1 - 2 rounds each
One third of all exercises should be carried out in forward, backward and sideways movements.
- Ankle run: Running with a slight forward movement, without knee lifts, but with a quick sequence of steps and an emphasis on rolling the foot.
- Skipping: running with easy forward movement, quick stride and minimal knee lift.
- Knee lift: Run with low forward movement, high cadence and significant knee lift so that the thigh is level.
- Heels with hip flexion: running with slight forward movement, fast stride, medium knee lift and heels that touch the buttocks.

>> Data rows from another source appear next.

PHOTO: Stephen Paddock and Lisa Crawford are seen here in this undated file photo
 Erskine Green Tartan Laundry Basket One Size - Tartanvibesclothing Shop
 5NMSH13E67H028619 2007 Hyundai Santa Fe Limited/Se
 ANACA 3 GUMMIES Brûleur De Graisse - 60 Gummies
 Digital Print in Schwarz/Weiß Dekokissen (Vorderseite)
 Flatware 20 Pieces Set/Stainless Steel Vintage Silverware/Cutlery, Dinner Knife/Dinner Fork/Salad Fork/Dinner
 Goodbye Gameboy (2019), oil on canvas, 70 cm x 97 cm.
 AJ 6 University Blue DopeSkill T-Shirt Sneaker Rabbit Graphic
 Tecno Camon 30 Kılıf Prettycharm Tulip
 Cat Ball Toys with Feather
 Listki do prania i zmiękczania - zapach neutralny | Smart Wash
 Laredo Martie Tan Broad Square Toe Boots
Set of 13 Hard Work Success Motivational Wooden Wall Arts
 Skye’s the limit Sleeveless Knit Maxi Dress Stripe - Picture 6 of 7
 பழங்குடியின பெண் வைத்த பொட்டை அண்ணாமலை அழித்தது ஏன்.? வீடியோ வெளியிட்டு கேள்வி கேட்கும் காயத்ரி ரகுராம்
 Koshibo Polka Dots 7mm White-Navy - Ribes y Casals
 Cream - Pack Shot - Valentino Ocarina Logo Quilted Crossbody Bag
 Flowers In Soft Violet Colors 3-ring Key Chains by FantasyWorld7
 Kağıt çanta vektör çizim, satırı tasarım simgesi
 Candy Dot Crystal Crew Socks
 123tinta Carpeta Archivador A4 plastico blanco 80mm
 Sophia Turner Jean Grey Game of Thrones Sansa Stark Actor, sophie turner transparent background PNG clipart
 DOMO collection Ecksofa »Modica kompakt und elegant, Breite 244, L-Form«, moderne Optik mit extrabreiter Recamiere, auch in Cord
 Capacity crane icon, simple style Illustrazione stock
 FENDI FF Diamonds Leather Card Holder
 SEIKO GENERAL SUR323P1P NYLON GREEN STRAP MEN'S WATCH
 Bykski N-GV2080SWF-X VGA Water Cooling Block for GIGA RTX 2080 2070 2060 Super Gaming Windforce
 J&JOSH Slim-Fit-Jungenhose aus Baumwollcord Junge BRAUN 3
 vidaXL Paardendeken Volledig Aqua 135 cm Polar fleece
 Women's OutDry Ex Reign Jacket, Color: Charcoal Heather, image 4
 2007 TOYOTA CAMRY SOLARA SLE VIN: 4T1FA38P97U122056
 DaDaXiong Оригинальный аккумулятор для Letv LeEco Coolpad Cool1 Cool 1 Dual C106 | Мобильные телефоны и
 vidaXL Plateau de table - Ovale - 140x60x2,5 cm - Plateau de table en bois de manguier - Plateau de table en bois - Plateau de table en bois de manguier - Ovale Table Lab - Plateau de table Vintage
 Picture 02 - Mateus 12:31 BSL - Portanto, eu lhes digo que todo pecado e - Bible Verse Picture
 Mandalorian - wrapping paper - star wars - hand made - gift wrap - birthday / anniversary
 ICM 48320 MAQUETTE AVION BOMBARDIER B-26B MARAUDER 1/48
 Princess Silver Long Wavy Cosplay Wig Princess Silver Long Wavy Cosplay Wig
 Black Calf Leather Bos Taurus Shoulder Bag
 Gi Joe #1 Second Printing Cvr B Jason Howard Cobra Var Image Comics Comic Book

- Side steps: Sideways running with a high stride rate, with one foot always moving forward and the other being pulled back.
- Cross steps: walking sideways with your feet crossed in front and/or back.
- Flat hopping run: Hopser run with short flight phase and high swing bone.
- Double steps in variants: Bouncing with alternating single-footed and two-footed ground contact, in which the swing leg is lifted up to the horizontal position in the single-footed phase.
- Interchangeable bouncer: Two-legged jump from the ankles with rapid and high lifting of the flybone during the flight phase.
- Backward running in variants: backwards in hopping, with a high knee or high heel guide, etc.
Double steps variation: medium to high knee lift, high knee with kick out, knee to chest, extended swing leg, knee to side, etc.